I don't think she has any fears. If she does she hasn't let us know about them.
She LOVES kitties and puppies and animals in general. I have never see a child get so excited about any and every dog she sees.
Even as independent as she is she still loves to cuddle. I am so glad I have a cuddly baby. She has loved to be held from day one. She loves sleeping next to us. We have gone through many times of having to break her out of the habit and get her to sleep in her own bed. It's hard when I enjoy cuddling with her as much as she does.
I love that when she gets hurt even if it doesn't hurt that bad she will do her cute little fake cry and come to me for loves and kisses.
I love that if she is doing her fake cry because I have told her no about something that she peeks at me through her fingers to see if I'm watching.
I love that she says hi to everyone she sees. She is quite the little social butterfly and wins peoples hearts in an instant. With her cute little hi and wave and those wild curls everywhere and her dark brown eyes she captivates the room instantly.
She loves to put on a show and she loves it when people laugh or encourage whatever she is doing.
I love that even though she can talk she still uses her sign language.
I love that when she hears a baby cry she looks at me and says baby, cry, baby sad? then she says baby and does the sign for milk.
I love the little hand signal she does when she wants to go swimming and the way she says swim is just the cutest thing ever.
She can stay up all night if there is something going on but no matter what time she goes to bed she is up bright and early in the morning. We will never know where she got that trait from. Neither J or I are morning people.
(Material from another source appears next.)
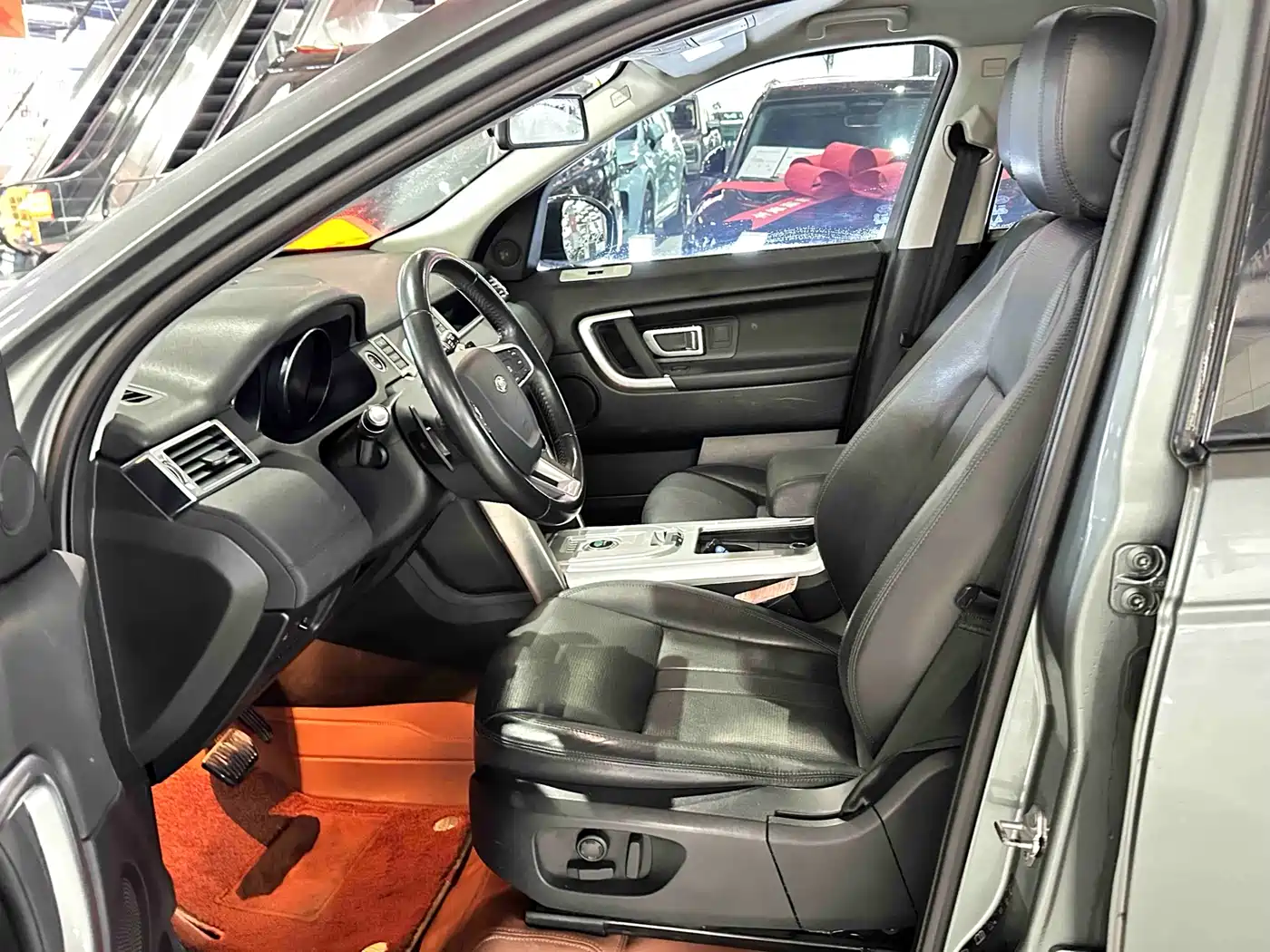 Land Rover Discovery Sport 2018 240PS SE Edition фото 4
I think it's so funny that she wiggles her feet while she is falling asleep. It's only funny because I do the exact same thing but I don't ever realize it unless I'm holding her while she is doing it and then I notice I'm doing it too. She has done it from the time she was brand new. I don't have any idea how long I have done it. Jeff brought it to my attention after we first got married so at least 9 years.
I love that she calls herself baby. If you ask who everyone is she tells you their names and then if you point to her and say who's this she will say baby. If there is something she wants she says baby's and takes it. She is my baby and I just want to enjoy her that way so I love it.
She has taught me so many wonderful things. I am constantly wondering where she gets her energy from. She is the busiest little thing. But I know it's because she doesn't want to miss a single thing in life. She is so excited to see and experience each and every little thing and I have completely enjoyed seeing the world through her eyes. She loves life and has shared that love with all around her.
My biggest challenge of being the mother of these complete opposites is how to raise and guide them without breaking who they are and who they can become. With I he needs a gentle push and encouragement in life and he will be a great silent leader and a very devoted and loving person. I don't want to ruin that. I want him to have that love and compassion and trust in the things around him. With G I have to learn how to be her mom and set rules without breaking her spirit and holding her back from her greatness. Her drive and stubbornness will do great things for her some day and she holds many of the qualities that are needed to be a self reliant, driven person.
I just need to be the best mom because they deserve that. They are the best kids.